You have no place in an economics thread.

>> No.18921397

>>18921375
>unironically using the word statists
right back at you, retarded ancap >>18921382
it's just embarrassing to out yourself as such at this point, I feel bad for even picking on you.

>> No.18921415

>>18921397
Are you feeling well? The word accurately describes the government controlled _economy_ which is the focus of a large part of the _economics_ debate.

>> No.18921420

>>18921397
Why are you offended by the word "statist" in a thread which picks up on "Austrians" is beyond me.

>> No.18921437

>>18921415
the word statist holds absolutely no meaning beyond a buzzword
you say that "Statists "regulating" economy is like schoolchildren LARPing as brain surgeons.", but this is such a nonsensical point considering most of the people regulating the economy are experts in the fields they are brought in (politicians do actually consult with experts believe it or not), you don't get a random carpenter to regulate industrial zoning laws.
by describing them as "statists" you not only strip the entire process from its nuances but also paint everyone you disagree with in a single grouping so as not to engage with how every sector of the economy is dealt with, you're not even worth the time I am spending on this post let alone additional (you)s.
tl;dr: pick up a fucking book, you're on /lit/

>> No.18921444

>>18921375
That's pretty much Friedman's take (except the having a stateless society thing, or the state not regulating money, as he talked mostly about ways to regulate money).

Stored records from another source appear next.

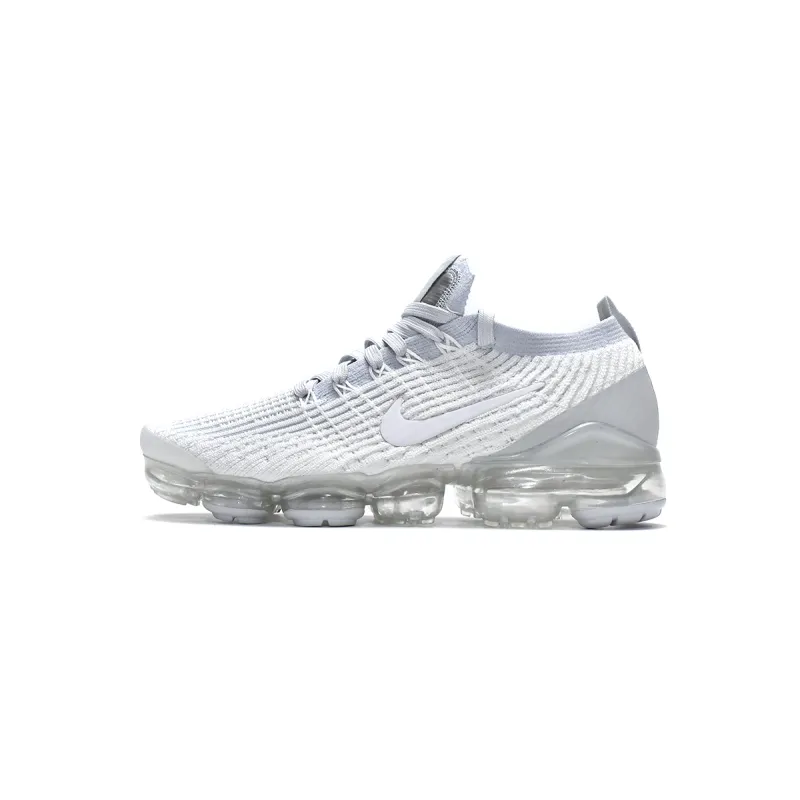 Nike Air VaporMax Flyknit 3 White Pure Platinum  AJ6900-102 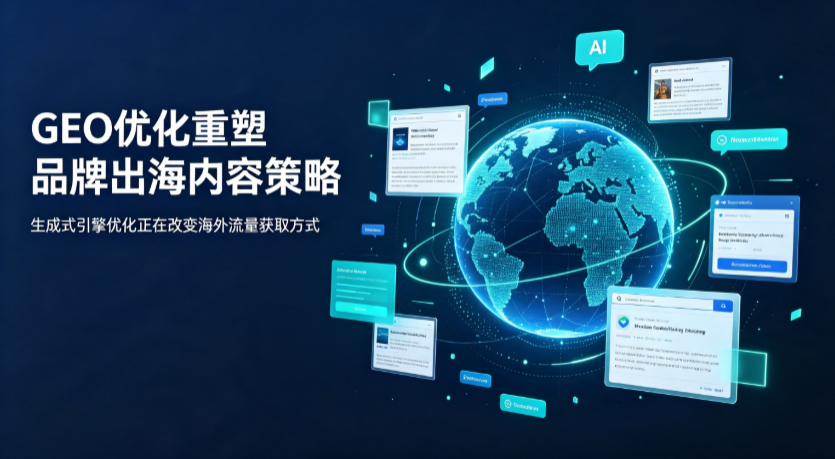 船营区AI 时代 GEO 兴起，品牌出海内容策略迎来重大调整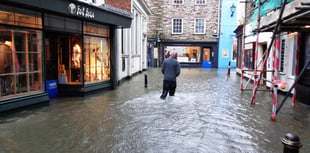 Cornwall residents and businesses urged to stay alert for flood warnings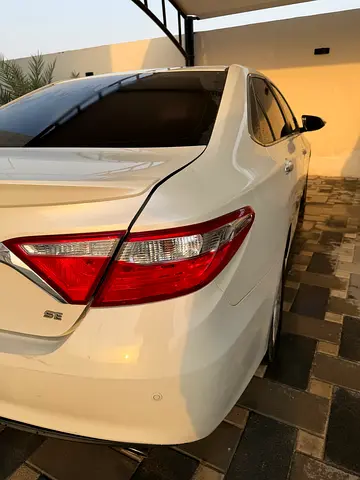 Toyota Camry GLE 2016 GCC Specs - Well Maintained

But does it really hold at all? Back in the 19th century things were way less efficient than after the current monetary and interventionist practices took hold, and the European countries who did not adopt such practices well enough (Russia, Spain) fell to the Socialists soon enough, making this >>18921184 statement still pretty reasonable.

>> No.18921713

>>18919520
Hayek and his ilk ushered in the neoliberal hellscape we are stuck with today

>> No.18921819

>>18921713
Utter absurd, the governments still "stimulate" the economy and inject money into it like madmen.

>> No.18921842

>>18919580
someone should tell sowell private banks are in charge of the circulation of money.

>> No.18921845

>>18921819
governments borrow money from banks.

>> No.18921852

>>18921845
Governments create the (economic) laws and protect banks' monopoly at taxpayers cost.

>> No.18921872

>>18921852
Exactly. Governments should be using money to ensure the health and education, and to open avenues for advancement of their citizens, not endlessly financing and bailing out private capital owners.

>> No.18922093

>>18921872
It should keep its dirty, greedy, incompetent and corrupted paws off the most important aspects of the society.
https://www.youtube.com/watch?v=fFoXyFmmGBQ

>> No.18922098

>>18922093
how can you be an artist and a capitalist? incompatible ways of life.

>> No.18922153

>>18922093
USA is the only developed nation without publicly funded, universal healthcare and they not only have the highest costs, but also the most waste. Government is needed, but government working for the people, not perpetuating corporate profits (health insurance in the USA brings tens of billions in profits per year).

>> No.18922219

>>18922153
If you compare the statistics of the effectiveness of the American healthcare (possibly the most idiotic system of business - state collusion possible) with that of the rest of the world it's really a close call; actually we don't have a clear winner.
That should give you an idea that we are talking about Paralympics competitions - which one of these cripples runs faster..

>> No.18923791

>>18921154
>Keynes was a pure economically illiterate hack, you can check Hazlitt's "The Failure of New Economics"
Keynes explicitly makes assumptions which are "irrational" from a conventional point of view. Hazlitt of course just claims that classical and conventional wisdom is right, Keynes wasn't ignorant of those claims. If you claim savers are doing themselves and everyone else a favor by not spending, owners and workers will set labour and commodity prices at their market clearing prices, etc than of course noting Keynes says makes sense.